President Gary Ransdell
President Ransdell is WKU’s ninth president, and he’s been serving in that role since 1997. Cherish him while you can because at the end of next spring he’ll be gone. Ransdell can often be found walking around campus or eating in Fresh Food Company, so it’s not uncommon for students to run into him. You can tell it’s him from a certain pep in his step and that hypnotic southern drawl of his when he says, “Go Tops!”
WKU’s cherished mascot Big Red is the most visible creature on campus. Sometimes you’ll be on your way to class, and you’ll spot Big Red off in the distance just beeboppin’ his way through life. It can almost feel surreal seeing Big Red, especially if he gives into his cannibalistic tendencies and tries to eat your head.
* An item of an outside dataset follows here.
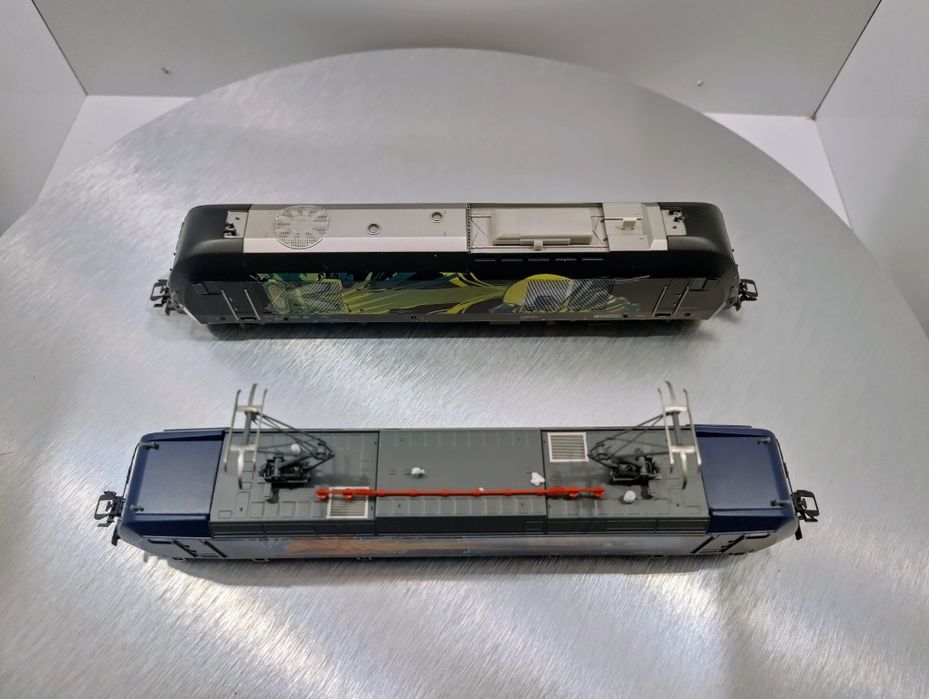 Locomotive trenulet electric Superman Edition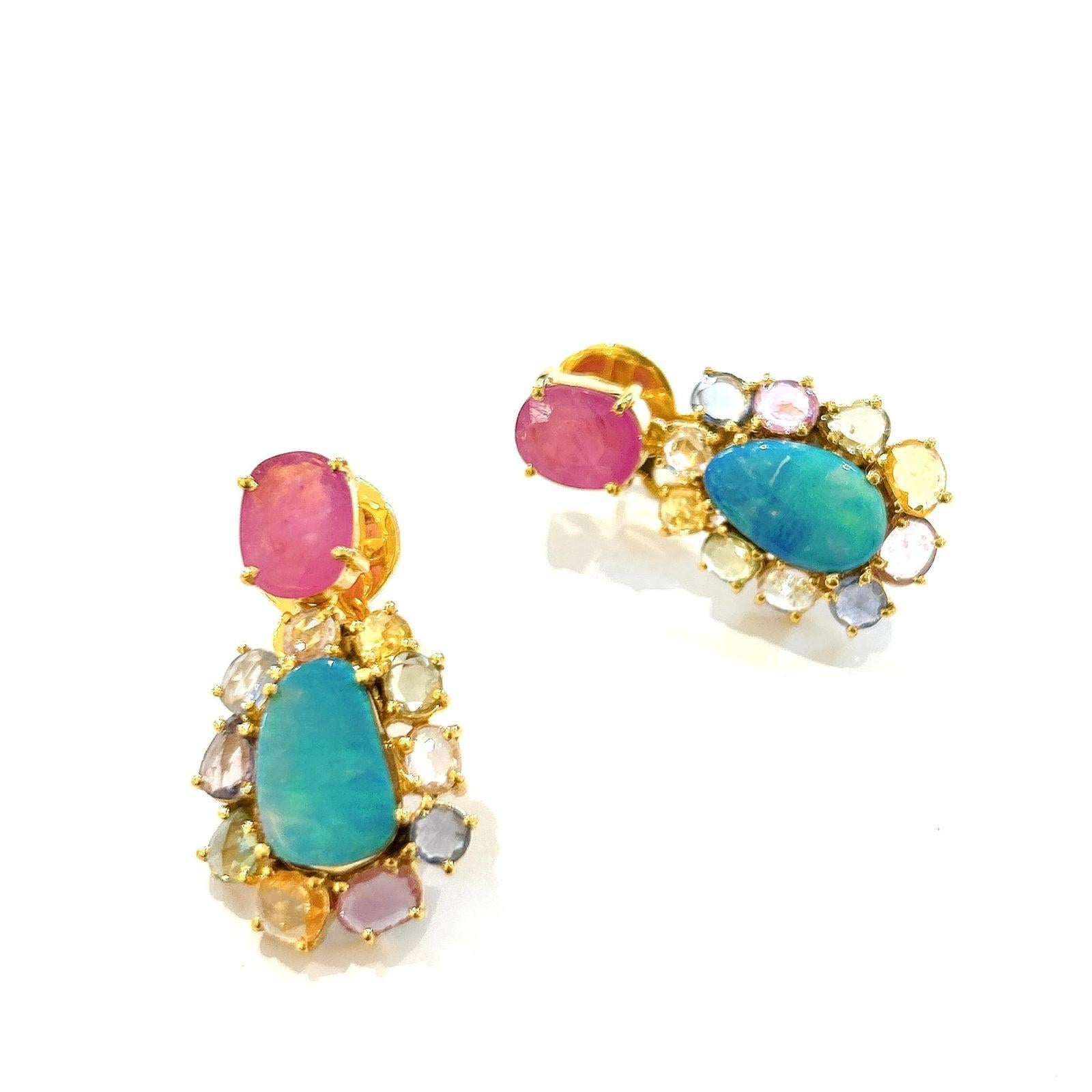 Boucles d'oreilles Bochic Orient en or et argent 18 carats serties de rubis, d'opales et de plusieurs saphirs Neuf - En vente à New York, NY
Big Red can best be described as the “Spirit of Western.” You can read up more on the history of Big Red here, courtesy of the WKU Archives.
Preston Health & Activities Center
From what I hear, this is a wonderful place. If you’re into the idea of motion and other things along those lines, this is the place for you. As for me, I would go, but in order to do that I would have to travel halfway to the Preston Center, then halfway from there and then halfway again, so I’d never actually get there (see: Zeno’s paradoxes).
Henry Hardin Cherry
Cherry was WKU’s first president and is immortalized as a statue in front of Cherry Hall, where he’s positioned pristinely at the top of the Hill, guarding his kingdom. If WKU was its own country, Cherry would be our George Washington. You can even take a peek at what WKU was like when Cherry was president from the Cherry Statue Time Capsule.
Mass Media & Technology Hall
You will soon come to find that Mass Media is one of your best friends. First and foremost, Mass Media is the go-to place for printing – unless, of course, you’re one of those kids who brought their own printer (kudos to you if so). It should come as no surprise that you’ll need to print readings, research materials and papers to turn in for your classes. Pro tip: if you’re in a rush and don’t have the time to log into a computer to print, you can send what you need to print online without logging into one of the university’s computers.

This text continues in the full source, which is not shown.